[19.12] ATSS

Dosaid maintainer, Full-Stack AI Engineer

The Death of Anchors

Bridging the Gap Between Anchor-based and Anchor-free Detection via Adaptive Training Sample Selection

In recent years, the development of object detection has split into two major factions: Anchor-based and Anchor-free.

Anchor-based Methods

Two-stage detectors (e.g., Faster R-CNN) use RPN proposal regions + R-CNN refinement, maintaining a lead in accuracy over time through multiple iterations of regression.
One-stage detectors (e.g., SSD, RetinaNet) lay anchors across multiple feature maps, directly performing classification and regression. This approach is extremely efficient and has gradually caught up with two-stage performance.

Anchor-free Methods

Keypoint-based: Reformulate detection as a keypoint localization problem. For example, CornerNet determines boxes by "top-left + bottom-right" corners, while ExtremeNet directly locates four extreme points and the center.
Center-based: Use the object’s center or region as the positive sample, then regress to the boundaries (e.g., YOLO, FCOS, FoveaBox).

Problem Definition

Though these two schools appear divergent, they are essentially answering the same question:

Which locations should be considered "positive samples," and which as "negative samples"?

Take RetinaNet (anchor-based) and FCOS (anchor-free, center-based) as examples. Their main differences lie in three areas:

Sampling Unit: RetinaNet places multiple anchors at each location; FCOS places only a single point per location.
Sample Definition: RetinaNet uses IoU thresholds to distinguish positives and negatives; FCOS relies on spatial and scale rules.
Regression Origin: RetinaNet starts from anchor boxes; FCOS predicts outward from a single point.

However, through rigorous alignment experiments, the authors found:

What truly determines performance differences is not "box vs. point," but how positive and negative samples are defined.

If both methods use the same sample selection strategy during training, the final results are actually quite similar! In other words, the divide between anchor-based and anchor-free isn't about architecture—it's about assignment: the sample allocation strategy is the key!

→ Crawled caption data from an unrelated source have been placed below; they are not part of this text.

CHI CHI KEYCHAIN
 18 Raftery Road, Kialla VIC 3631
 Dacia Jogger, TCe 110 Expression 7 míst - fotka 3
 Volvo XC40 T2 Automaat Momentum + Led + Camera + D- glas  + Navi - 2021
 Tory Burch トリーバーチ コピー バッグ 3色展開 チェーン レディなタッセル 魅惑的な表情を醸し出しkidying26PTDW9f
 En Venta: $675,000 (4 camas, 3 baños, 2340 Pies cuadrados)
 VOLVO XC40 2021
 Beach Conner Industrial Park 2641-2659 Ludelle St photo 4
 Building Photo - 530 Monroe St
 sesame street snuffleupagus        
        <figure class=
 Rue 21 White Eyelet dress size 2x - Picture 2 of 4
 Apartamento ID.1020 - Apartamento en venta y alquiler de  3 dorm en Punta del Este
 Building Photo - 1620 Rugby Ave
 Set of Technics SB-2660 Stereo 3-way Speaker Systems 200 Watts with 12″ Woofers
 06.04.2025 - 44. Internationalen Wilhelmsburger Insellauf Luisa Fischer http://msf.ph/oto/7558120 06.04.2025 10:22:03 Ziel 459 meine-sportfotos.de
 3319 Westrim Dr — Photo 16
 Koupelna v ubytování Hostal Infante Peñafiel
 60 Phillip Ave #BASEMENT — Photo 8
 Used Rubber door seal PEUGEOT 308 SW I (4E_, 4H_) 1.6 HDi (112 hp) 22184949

Thus, a few crucial questions remain at the heart of object detection:

Why rely on hand-crafted IoU thresholds or manually designed rules to divide positives and negatives?
Is it possible for the model to automatically select the right samples based on each object's statistical properties?

And then, you can't help but ask: "What about anchors?"

Oh, they're already dead.

As witnesses to history, let's frame them and put them in a museum.

Problem Solving

The authors selected two representative methods for comparison: RetinaNet (anchor-based) and FCOS (anchor-free, center-based). On the surface, they have many structural differences, but to make a fair comparison, all "unnecessary distractions" must be eliminated one by one.

Removing Unfair Factors

To focus on the core difference, the authors modified RetinaNet so that each location has only one square anchor (referred to as RetinaNet #A=1), making its structure as close as possible to FCOS.

Even so, there was still a clear performance gap on COCO: RetinaNet (#A=1) achieved 32.5% AP, while FCOS had 37.1% AP.

At this point, the authors noticed that FCOS introduced many "general improvements":

GroupNorm normalization
GIoU loss
Centerness branch
Stride normalization for regression targets
A learnable scalar for each feature pyramid layer

These techniques are not exclusive to anchor-free approaches and can also be applied to RetinaNet.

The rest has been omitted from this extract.